- [THE RECORDS]
▼
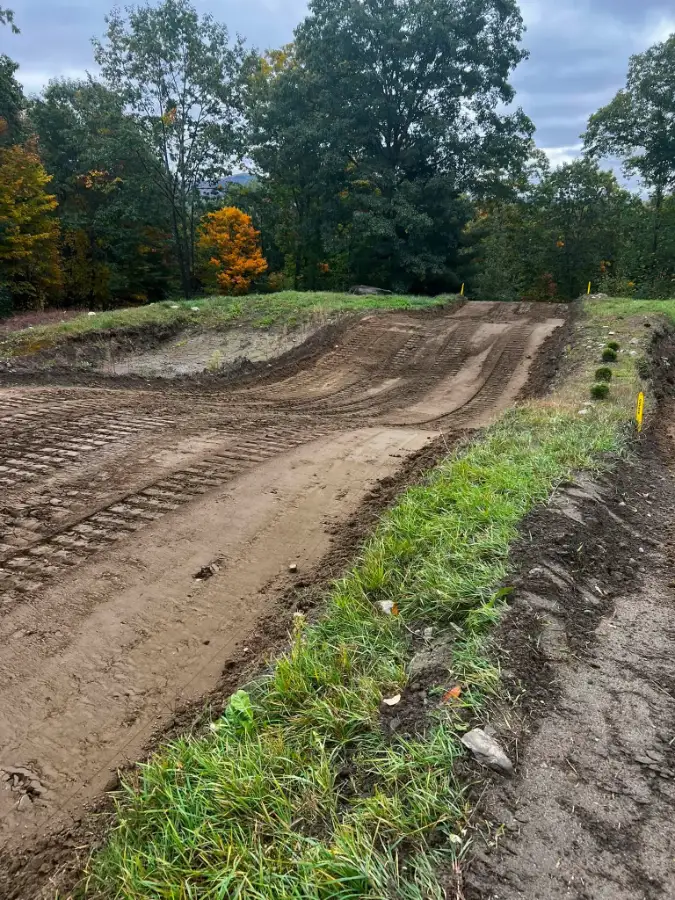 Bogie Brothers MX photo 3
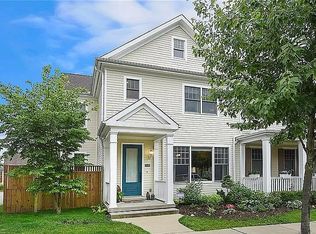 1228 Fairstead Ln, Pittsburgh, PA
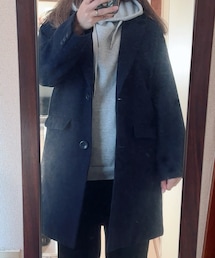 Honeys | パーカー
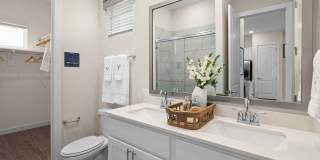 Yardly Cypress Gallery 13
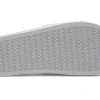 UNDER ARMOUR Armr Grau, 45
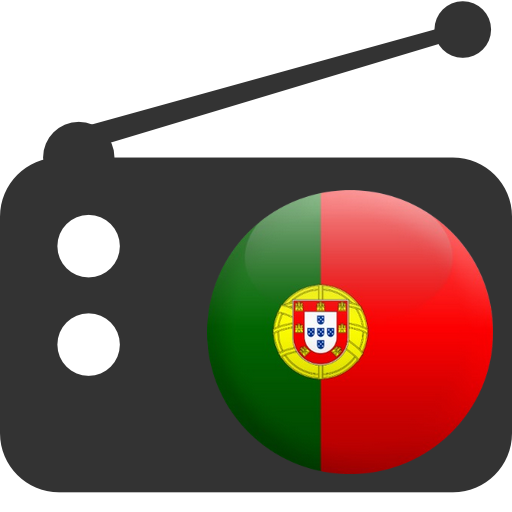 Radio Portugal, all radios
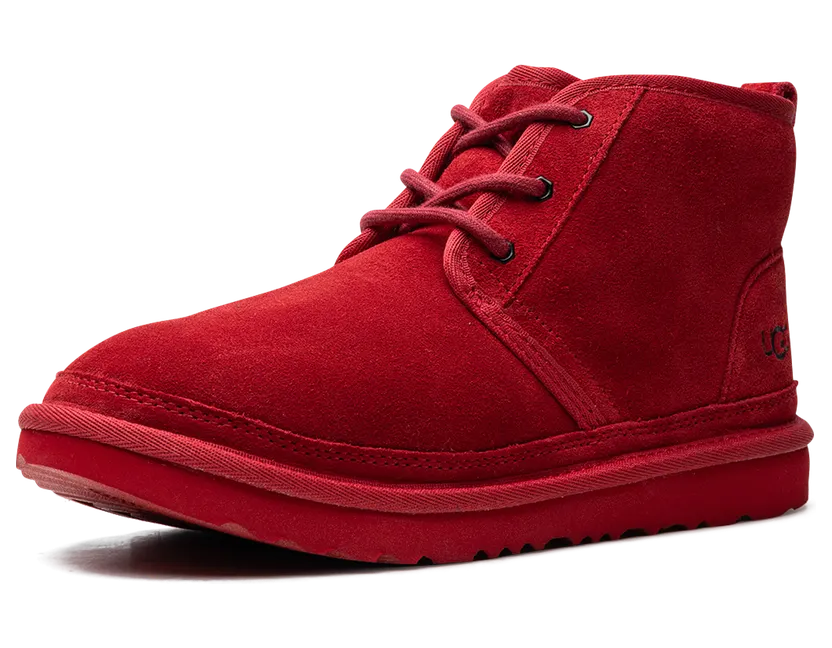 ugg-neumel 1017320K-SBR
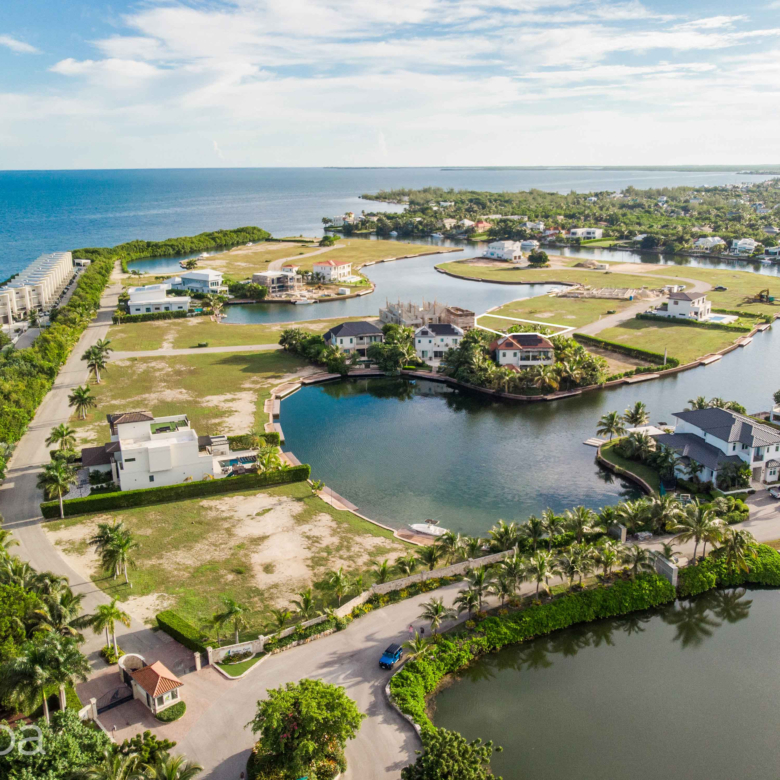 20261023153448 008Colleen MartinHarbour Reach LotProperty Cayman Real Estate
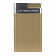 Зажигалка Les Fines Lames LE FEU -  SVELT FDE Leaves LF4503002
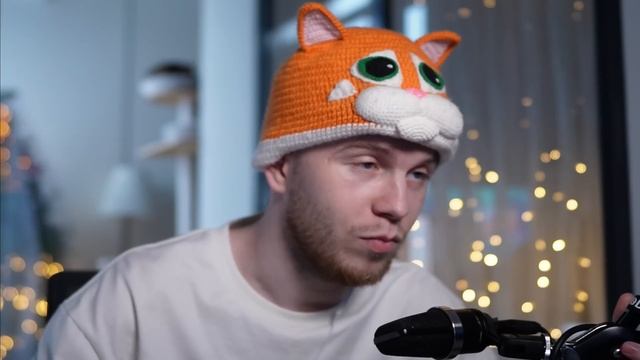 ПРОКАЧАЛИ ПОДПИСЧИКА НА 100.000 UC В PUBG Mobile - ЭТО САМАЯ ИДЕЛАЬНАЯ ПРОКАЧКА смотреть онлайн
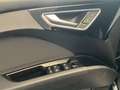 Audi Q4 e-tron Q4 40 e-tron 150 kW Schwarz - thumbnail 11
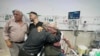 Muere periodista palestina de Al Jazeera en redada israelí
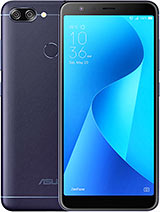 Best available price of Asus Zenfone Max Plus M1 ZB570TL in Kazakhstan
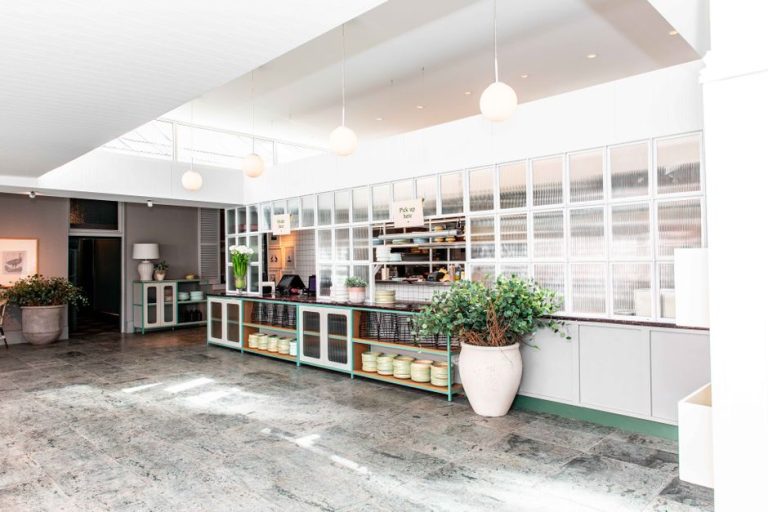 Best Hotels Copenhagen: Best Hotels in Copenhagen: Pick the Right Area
▲
- [WHAT YOU NEED TO DO]
The copy must match the listing above exactly, except that it holds no pictures.

- [RESULT OF THE TASK]
 Bogie Brothers MX photo 3
 1228 Fairstead Ln, Pittsburgh, PA
 Honeys | パーカー
 Yardly Cypress Gallery 13
 UNDER ARMOUR Armr Grau, 45
 Radio Portugal, all radios
 ugg-neumel 1017320K-SBR
 20261023153448 008Colleen MartinHarbour Reach LotProperty Cayman Real Estate
 Зажигалка Les Fines Lames LE FEU -  SVELT FDE Leaves LF4503002
 ПРОКАЧАЛИ ПОДПИСЧИКА НА 100.000 UC В PUBG Mobile - ЭТО САМАЯ ИДЕЛАЬНАЯ ПРОКАЧКА смотреть онлайн
 Audi Q4 e-tron Q4 40 e-tron 150 kW Schwarz - thumbnail 11
 Muere periodista palestina de Al Jazeera en redada israelí
 Best available price of Asus Zenfone Max Plus M1 ZB570TL in Kazakhstan
 Best Hotels Copenhagen: Best Hotels in Copenhagen: Pick the Right Area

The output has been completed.